Now in his 7th year as a high school Italian-language teacher, Cody Mueller can’t imagine a career better suited for him. At one point, however, he came close to giving up on his dream.
“It was a bumpy road there for a while,” the 30-year-old says. “Right out of college, I felt very enthusiastic about everything. I was working part-time but I had a hard time nailing down a full-time position, and I got a little bit exhausted. I started to lose faith in being able to find that stability and I even left teaching for two years.”
A lifelong suburban Chicago resident, Mueller is a first-year Italian teacher at Maine South High School in Park Ridge. Previously, he taught for six years at high schools in Wheeling and Oak Park.
Mueller’s maternal great-grandparents emigrated from Italy, while his father’s side of the family is German. Out of a desire to learn about his culture and history, he started studying Italian and German in junior high school and continued in high school.
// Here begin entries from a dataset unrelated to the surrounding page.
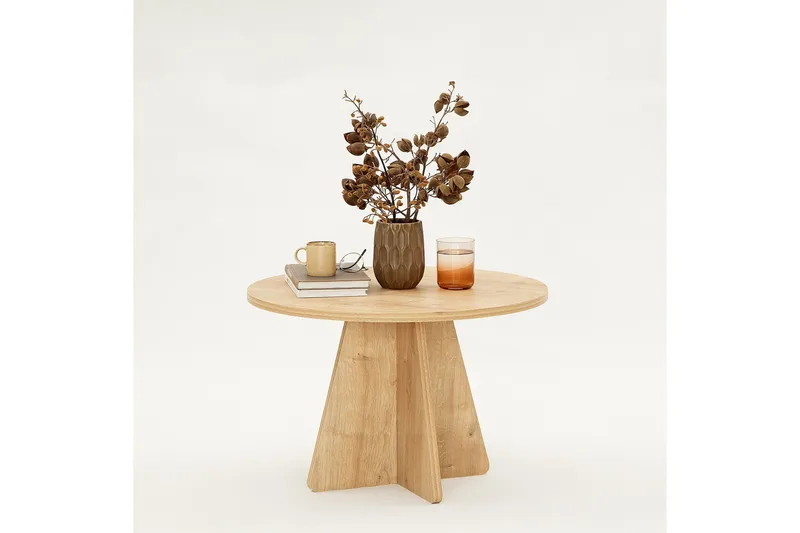 Munne Sofabord 60 cm - Eik - Møbler - Bord - Sofabord & salongbord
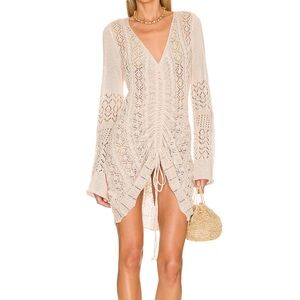 revolve crochet Knit Swim Coverup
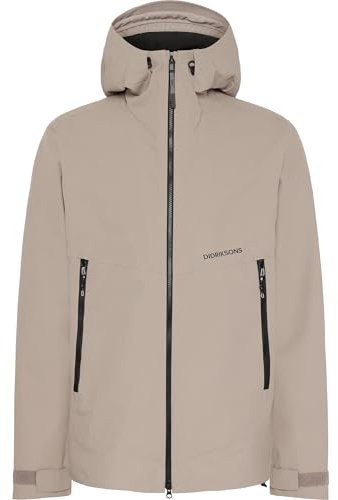 Didriksons Herren Basil 4 Jacke, ash brown, M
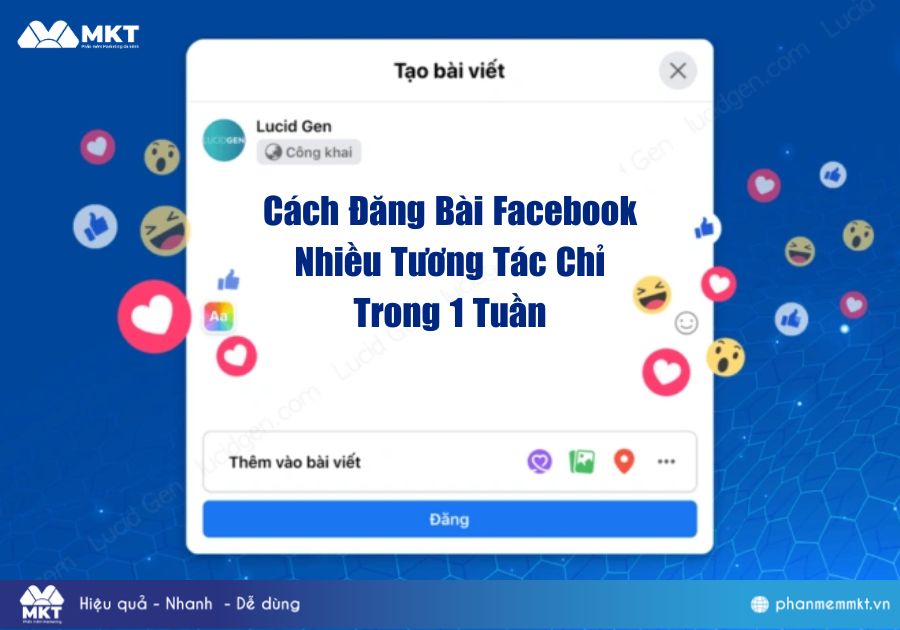 Cách Đăng Bài Facebook Nhiều Tương Tác Chỉ Trong 1 Tuần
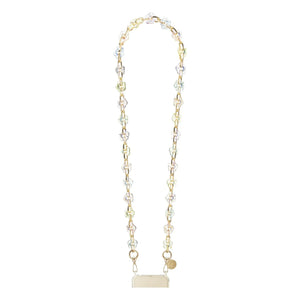 LaCoqueFrançaise - Cassy Holographic 100 cm Long Chain | Transparent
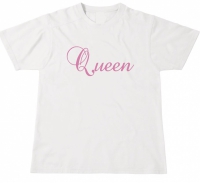 Baby t-shirt met bedrukking ' Queen'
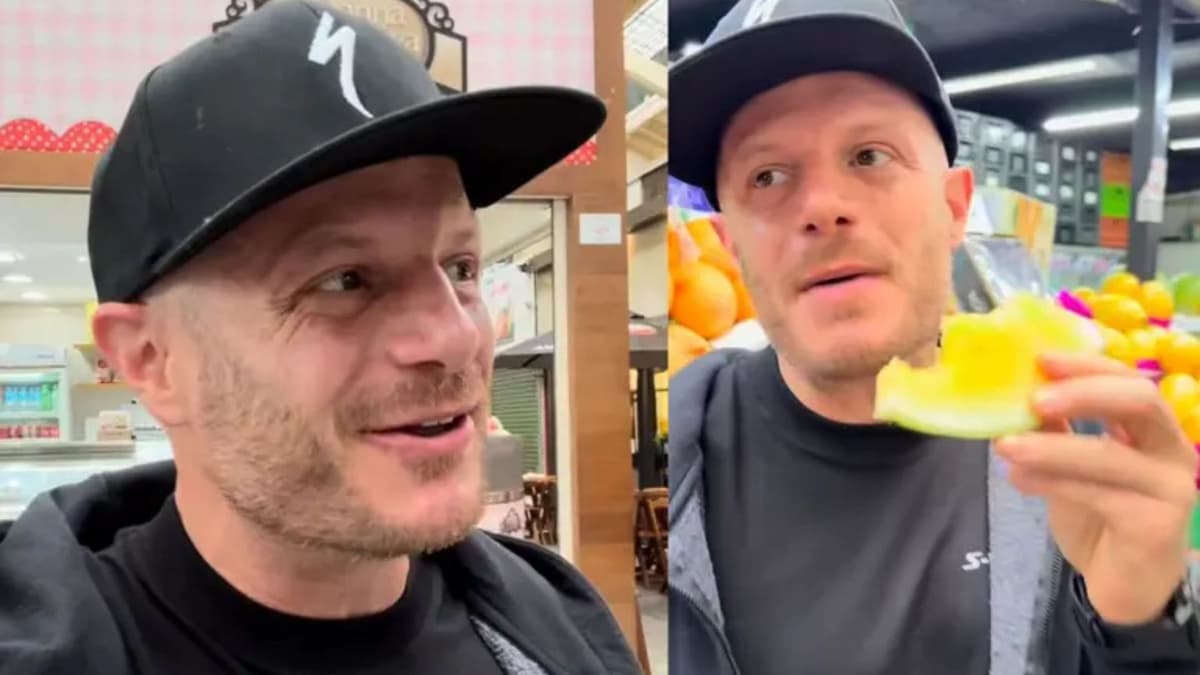 Video: Facundo exhibe "estafa" en Brasil; le dan a probar fruta y le cobran más de mil pesos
When he started pondering what to study in college, his Italian teacher pointed out he was a great student and suggested he pursue that further, which he hadn’t considered until then, he says.
Mueller enrolled at Dominican University in River Forest and earned a bachelor’s degree in Italian studies and a K-12 teaching certificate. “My high school teachers were also fantastic, but it was in college they were able to really teach the details,” he says, especially crediting Dominican professors Tonia Triggiano and Veena Carlson. “Everything just kept coming so naturally. They’re really fantastic.”
For a few years after graduation, he taught in Wheeling and Oak Park, driving 30 miles back and forth, and never having the chance to settle in or focus on professional development. He stopped teaching in 2021 when enrollment decreased due to the COVID-19 pandemic, and pivoted to working in construction for a couple of years. He’d decided to become a police officer when suddenly he got a call from his current employer, he says.
“I didn’t think I would be interested until the phone call came,” he recalls, “but it was a no brainer. It was what I always set out to do. I would have regretted it if I didn’t take that chance.”
Mueller has a wife, Kelli, and a baby daughter, Wren, who’s already begun learning Italian from her father. He has traveled to Italy more than 15 times thanks to friendships he developed with Italian exchange students in high school. In fact, he and his colleague at Maine South High School, Cristina Modica, are working on starting an exchange program with an Italian high school in Bari, Puglia.
Mueller says his goal in the classroom is to connect with his students and “be a teacher they will remember for a long time. “I am just trying to light the same fire in as many kids as I can that was lit in me, and trying to expose kids to new cultures and the beauty of being able to travel and speak another language in the country where that language is native.”
His future plans include signing up for a teaching-related online master’s degree in Italian. Outside of work, he’s into carpentry — he built his home’s bar, coffee table set and dining table — and likes to study other languages, like French, German and Spanish. He also enjoys making homemade wine and beer with his cousin, an old family tradition that the two of them revived.